Eight-year-old Ghada Tahseen stood silently as the doctor helped her slip on rubber overalls filled with plaster. It felt strange and uncomfortable but she didn't complain.
"I am really happy that I will have a new leg," she said after a plaster model of her missing limb had been made. "Now I can play again with my friends and go back to school."
She had waited months for this appointment to fit her for an artificial leg, months since the day a bomb tore through a crowded marketplace in her neighborhood.
Ghada was one of dozens injured in an all too common incident in Iraq's strife-torn cities, many of which daily echo with the muffled sound of explosions.
The Artificial Limbs Clinic, located in the north Baghdad neighborhood of Tunis, was established in the early 1980s at the beginning of Iraq's eight-year war with Iran, but never before has it been so busy.
"We are receiving a lot of people every day, and with every bomb that explodes in Iraq there are new victims that lose one of their limbs," said the clinic's physician, Doctor Inas, who prefers her last name not be used.
Behind her, on the wall of the room where she examined Ghada, are models of leg cups in various sizes.
Iraq's many wars have made its doctors depressingly familiar with the process of fitting new limbs.
Once it was Iranian shells raining down on its frontline troops in the 1980s, later it was American cluster bombs during Gulf conflicts, and in between mines along the borders took their toll.
Since the US-led invasion of March 2003, however, the violence has been random and pervasive, with ubiquitous roadside bombs robbing Iraqis of their limbs.

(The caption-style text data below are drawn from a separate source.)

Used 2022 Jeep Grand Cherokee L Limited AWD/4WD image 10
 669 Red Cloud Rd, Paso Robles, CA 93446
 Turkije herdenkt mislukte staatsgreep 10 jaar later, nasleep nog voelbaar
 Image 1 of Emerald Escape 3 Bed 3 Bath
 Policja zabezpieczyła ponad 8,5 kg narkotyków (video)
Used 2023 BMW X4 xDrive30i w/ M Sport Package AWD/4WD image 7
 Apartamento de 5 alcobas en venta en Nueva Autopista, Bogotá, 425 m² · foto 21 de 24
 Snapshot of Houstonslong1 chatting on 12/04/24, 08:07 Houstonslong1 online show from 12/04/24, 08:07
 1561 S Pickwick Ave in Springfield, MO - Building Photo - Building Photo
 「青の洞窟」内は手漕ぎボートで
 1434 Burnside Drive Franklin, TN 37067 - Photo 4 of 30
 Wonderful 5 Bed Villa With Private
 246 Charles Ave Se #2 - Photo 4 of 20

Some 85,000 people in Iraq have lost limbs, according to the Qatar Red Crescent which is looking into setting up an artificial limbs center in Iraq.
A number of foreign aid institutions have set up prosthetic labs in Iraq, notably the International Committee of the Red Cross, which supports limb fitting centers in several cities around the country, including Arbil in the north and Najaf to the south.
In the first three months of 2006, the organization saw more than 450 patients and fit 100 artificial limbs.
The need, however, remains greater than the supply, given the limited available facilities.
"I waited for more than four months to get a leg," said Abbas Yussef, a 36-year-old taxi driver who lost most of his left leg when a car bomb exploded in Kanaan, a town in Diyala province to the northeast of Baghdad.
"It was a pretty painful procedure but it's good to get rid of the crutches," he added as a technician taught him how to walk with his new leg.
There were once nine such centers around the country, but their limb production was irregular due to a lack of materials. As a result people come from all over the country to the Baghdad clinic, which has been kept functioning by the health ministry.
"We receive about five cases per day but can only produce five artificial limbs every 24 hours," said Amr, who works in the lab to carve the limbs. "The material we use is outdated and our only source of supply is the health ministry."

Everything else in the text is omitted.